No difference between New Labour and New Conservatives?

Alex Kane sees little redemption, political or moral for the current UK government, and is less than impressed with the Conservative opposition.By Alex Kane

As troubles swirl around and threaten to engulf the Prime Minister, I am reminded of Enoch Powell’s dictum: “All political lives, unless they are cut off in midstream at a happy juncture, end in failure, because that is the nature of politics and of human affairs.” And the brutal reality for Tony Blair is that he is now a washed-up Prime Minister. His authority within the Commons and within his own party has withered. The fact that he cannot now serve out a third full term of office has reduced him to the status of a verbose albatross. His political judgement, along with his moral judgement, has vanished. The occupant of Number 10 is now the mere ghost of a politician.

His inability, or his unwillingness, to dump John Prescott, an incompetent, adulterous buffoon, is a clear sign that the Prime Minister no longer knows the difference between political ineptitude and plain old fashioned immorality. Most of the people booted from the Cabinet in the reshuffle deserved to go. They were no good at their jobs. That is the nature of government office, for not everyone appointed to a top position in politics is capable of handling the pressure, the responsibility or the flak. So be it.

But in Prescott’s case it wasn’t just about incompetence, monumental though the evidence was to indicate it. All of the information now in the public domain, none of which Prescott has denied, is that he is an adulterer, a sexual predator, an office bully and a thoroughly disorganised and uninformed departmental minister. This, it also needs to be remembered, is the same man who led the charge against the sleazy, slimeball, trouser-dropping, brown-envelope-collecting members of the Conservative Party in the mid-1990s. And this is Tony’s mate, the same Tony who swept to power in 1997 with a promise to end the political incompetence and personal immorality which was drowning John Major’s administration and swamping public opinion in general.

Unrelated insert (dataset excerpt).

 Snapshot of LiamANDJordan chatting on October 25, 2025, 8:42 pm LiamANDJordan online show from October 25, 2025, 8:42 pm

Holding on to Prescott is a quite clear and staggeringly blatant abuse of Prime Ministerial power. In allowing him to keep the title of Deputy Prime Minister, the £133,000 salary, the grace and favour accommodations and the chauffeur driven cars, it also comes close to political corruption. But hey, since this is a Prime Minister who seems happy to swap peerages for donations to his party, I doubt if he will lose any sleep over using tax-payers cash to keep Prescott’s snout deep in the trough. Still, at the very least, Mr. Blair could ask the congenitally sanctimonious Peter Hain to lay off the lectures about MLAs being paid to do nothing!

But the most depressing aspect of the crumbling and meltdown of Tony Blair is the fact that his two most likely successors are simply appalling. Gordon Brown has been grazing at Number 11 Downing Street for almost a decade, bleating in the background like a malign sheep. But he doesn’t have the personal or political bottle to seize the crown and seems content to inherit and wear whatever rusty trinket Blair tosses over the garden fence when the furniture van trundles him out of office in a few months time.

David Cameron, on the other hand, is an ideologically vacuous hoover, spending his time sweeping up anything and everything which can allow him to present himself, and what was once the Conservative Party, as the I-can-be-anything-you-want-me-to-be alternative to Labour. If Mrs. Thatcher’s party political legacy was the destruction of a socialist, nationalising Labour Party, then Tony Blair’s may well be the destruction of her once beloved and triumphant Conservative Party.

Let’s face it, with this imitation-is-the-sincerest-form-of-flattery approach to inter-party politicking, it’s no wonder that the electorate is staying at home. There is no difference between New Labour and New Conservative. Radicalism has been replaced with wretched opportunism and false consensus; and both parties now want complete state funding and compulsory voting. Could there be any greater admission of their selfishness, stupidity, arrogance and venality?